As you can see I'm interested only in range 0.1 - 2.0. However, I need more precision around 0. How can I achieve that non linear calculation? Also is there any way to use some interpolation in this function for better precision?

remember that a double's precision is only accurate up to 17 places. How much precision are you looking for around zero? — Syntactic Fructose, Dec 06 '12 at 09:19
Even less in my case, because double on my MCU is only 4 byte. However, If there will be some generic precision control routine I will make use of it. — Pablo, Dec 06 '12 at 09:23
I will check that, but I don't think they have this particular solution for non linear lut log. — Pablo, Dec 06 '12 at 09:31
@Need4Sleep: are you *completely* mad? This guy is attempting to approximate `log` with a step function that takes on 1000 values, and you're telling him to use a (great, wonderful, amazing) *arbitrary-precision* library? I cannot imagine more complete and total overkill. — Stephen Canon, Dec 07 '12 at 17:16

7heo.tk · Accepted Answer · 2012-12-07T22:25:57.017

Last version

#include <stdio.h>                  // for input/output.
#include <math.h>                   // for mathmatic functions (log, pow, etc.)

// Values
#define MAXELM 1000                 // Array size
#define MINVAL 0.1                  // Minimum x value
#define MAXVAL 1.9                  // Maximum x value
#define EXPVAR 1.4                  // Exponent which makes the variation non linear.
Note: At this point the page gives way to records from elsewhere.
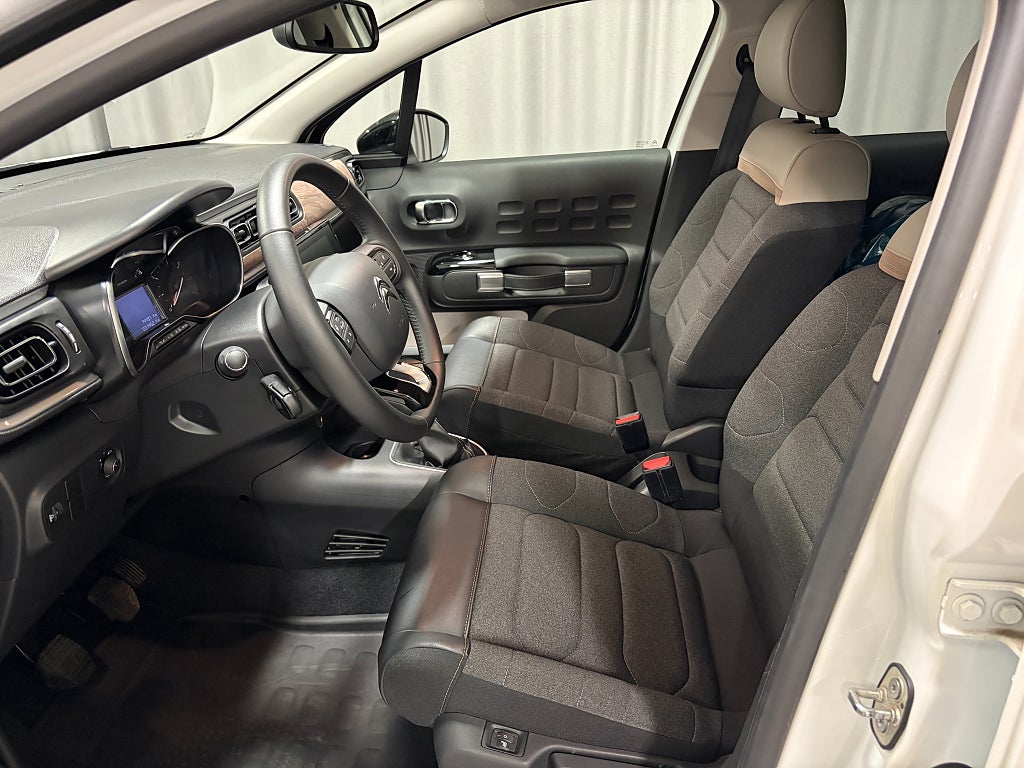 Car Image car-84444-0e46f0ea9badd5d5389038ff012571f1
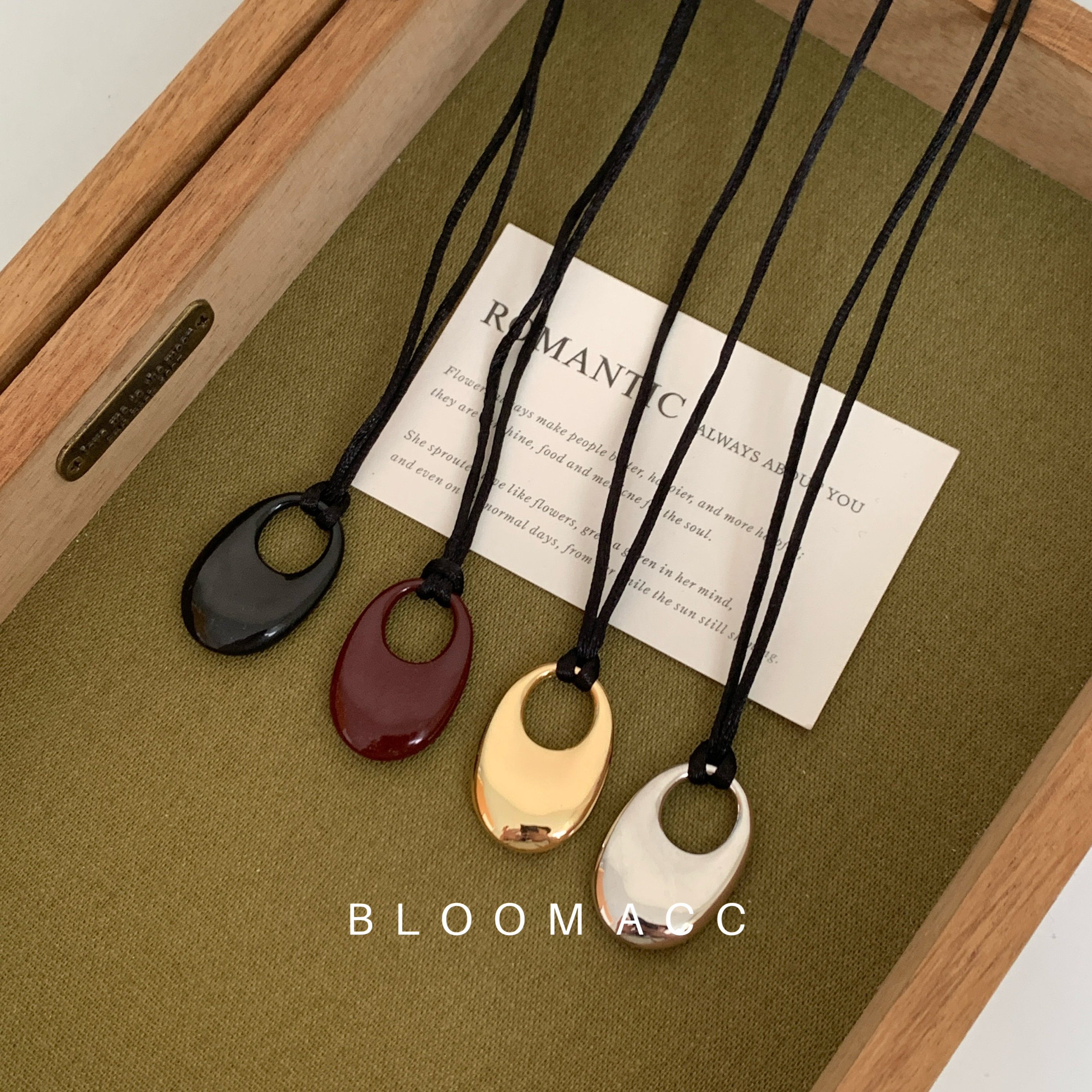 四季韩国博主同款银色黑绳吊坠长款项链小众ins百搭高级感配饰链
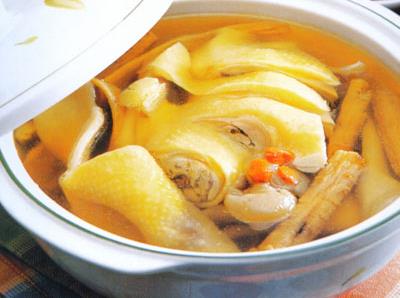 吃雞肉還是喝雞湯？雞肉雞湯哪個(gè)營(yíng)養(yǎng)價(jià)值高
If set to 1, the variation will be linear.
#define ACRTPT (MINVAL + MAXVAL)/2  // Accurate point. This value is used to know where to compute with maximum accuracy. Can be set to a fixed value.
// Behavior
#define STRICT 0                    // if TRUE: Return -1 instead of the floored (or closest if out of range) offset when (x) hasn't been calculated for this value.
#define PNTALL 0                    // if TRUE: Print all the calculated values.
#define ASKFOR 1                    // if TRUE: Ask for a x value then print the calculated ln value for it.

// Global vars
double results[MAXELM];             // Array to store computed values.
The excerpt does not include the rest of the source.